- **Records for this task**
= = =

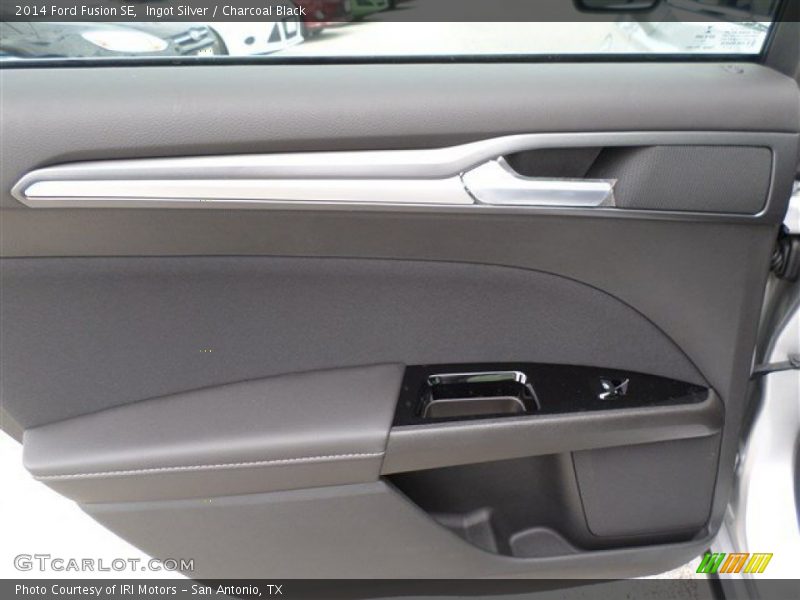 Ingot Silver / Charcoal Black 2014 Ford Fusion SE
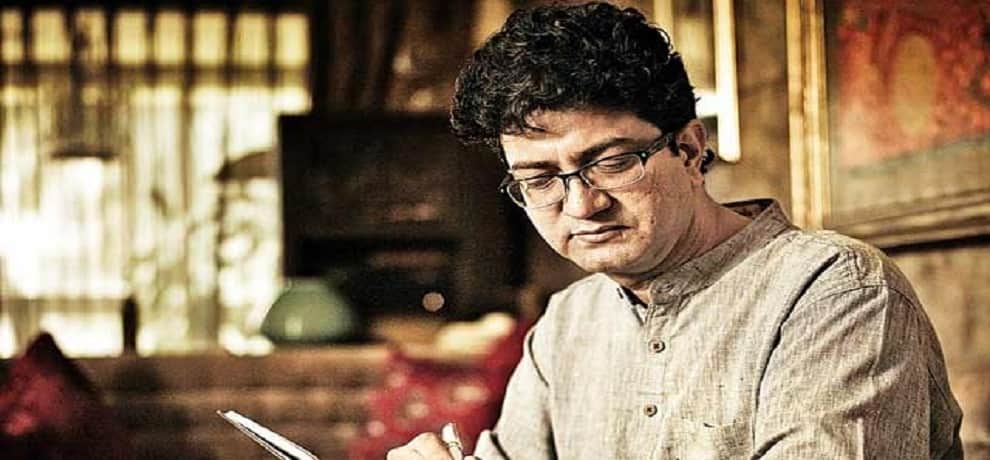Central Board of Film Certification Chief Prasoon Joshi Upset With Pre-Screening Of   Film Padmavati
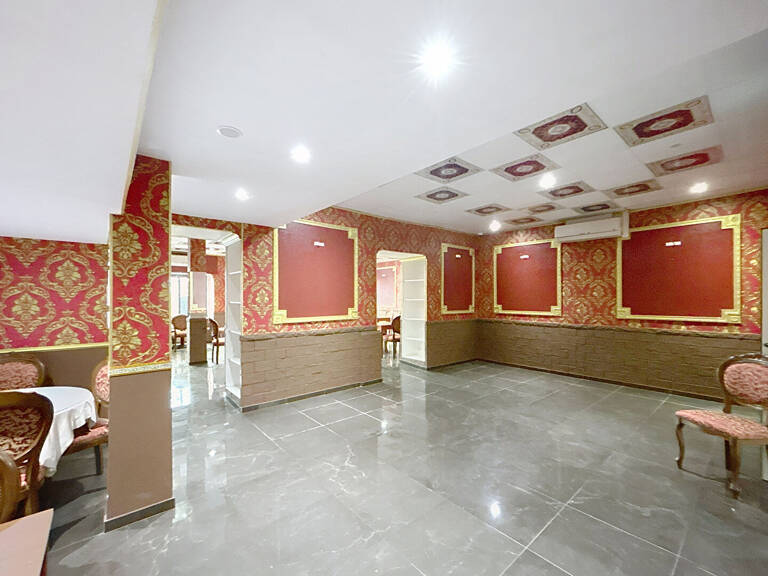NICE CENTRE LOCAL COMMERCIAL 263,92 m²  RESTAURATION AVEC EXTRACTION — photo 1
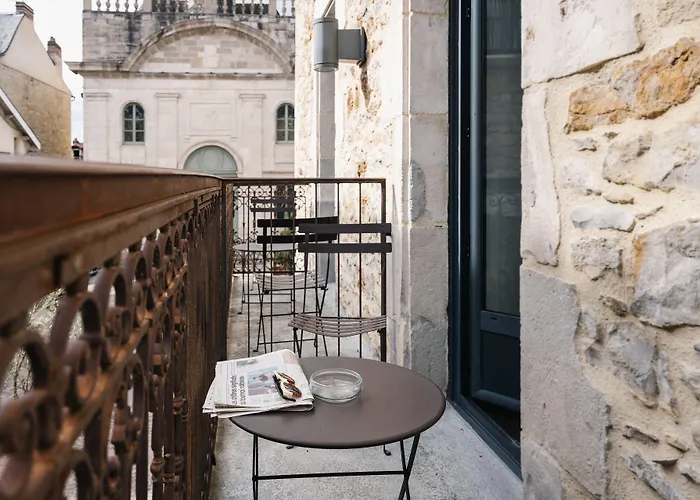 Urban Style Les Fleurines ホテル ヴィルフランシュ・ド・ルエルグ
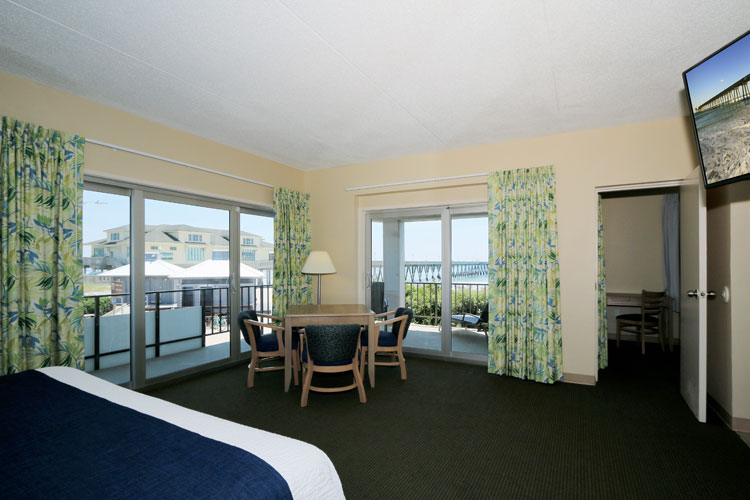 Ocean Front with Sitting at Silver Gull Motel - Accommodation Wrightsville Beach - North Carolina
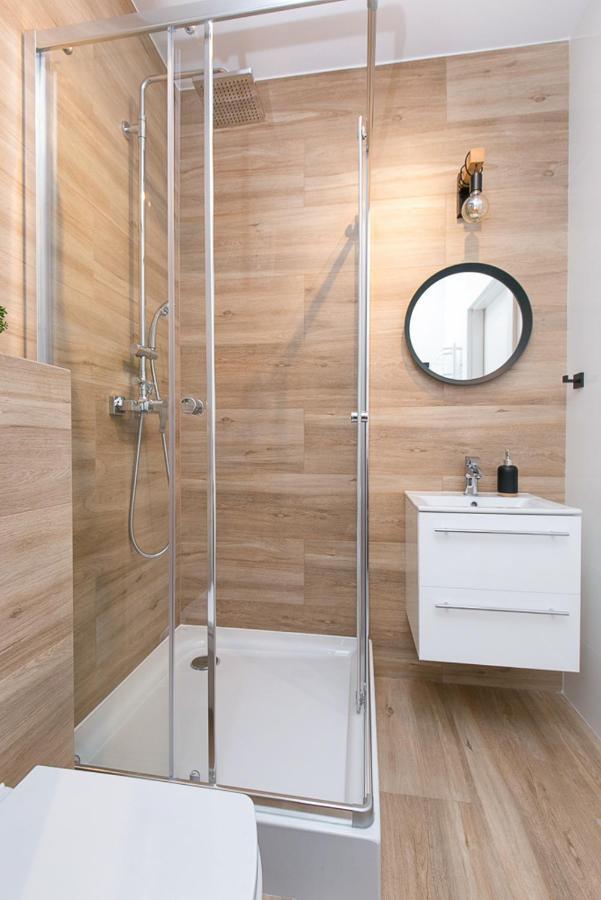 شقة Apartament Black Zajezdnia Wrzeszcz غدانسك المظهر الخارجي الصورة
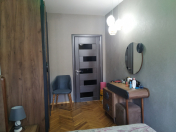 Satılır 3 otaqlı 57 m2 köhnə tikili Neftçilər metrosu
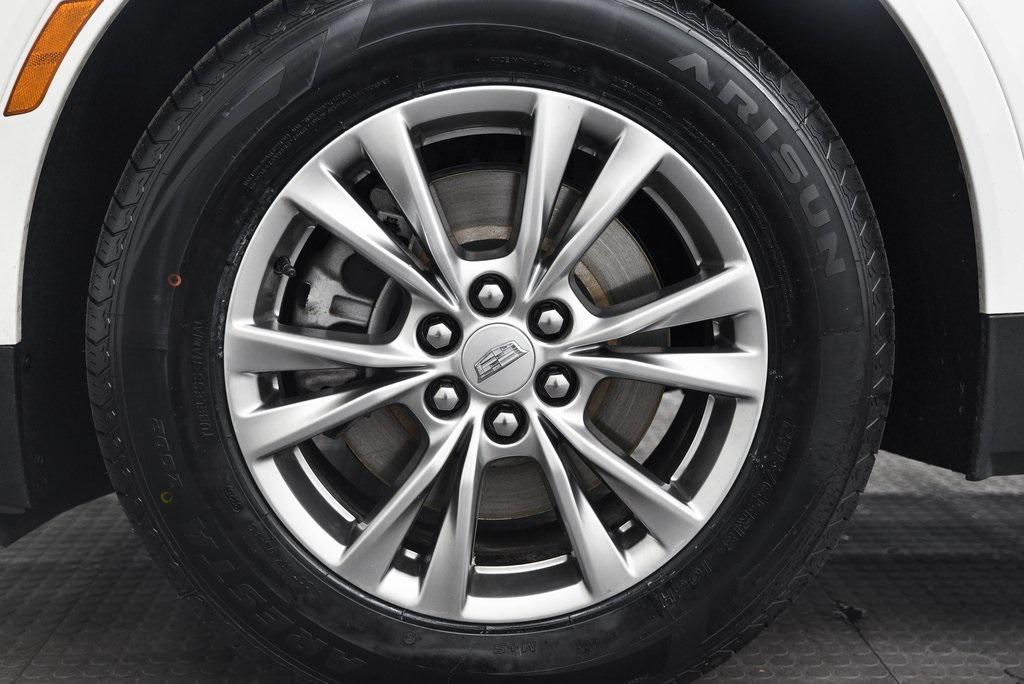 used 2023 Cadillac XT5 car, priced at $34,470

= = =

- **Task description**
The job is to set down the whole listing exactly, excluding any images.

- **Solved exercise**
 Ingot Silver / Charcoal Black 2014 Ford Fusion SE
Central Board of Film Certification Chief Prasoon Joshi Upset With Pre-Screening Of   Film Padmavati
NICE CENTRE LOCAL COMMERCIAL 263,92 m²  RESTAURATION AVEC EXTRACTION — photo 1
 Urban Style Les Fleurines ホテル ヴィルフランシュ・ド・ルエルグ
 Ocean Front with Sitting at Silver Gull Motel - Accommodation Wrightsville Beach - North Carolina
 شقة Apartament Black Zajezdnia Wrzeszcz غدانسك المظهر الخارجي الصورة
 Satılır 3 otaqlı 57 m2 köhnə tikili Neftçilər metrosu
 used 2023 Cadillac XT5 car, priced at $34,470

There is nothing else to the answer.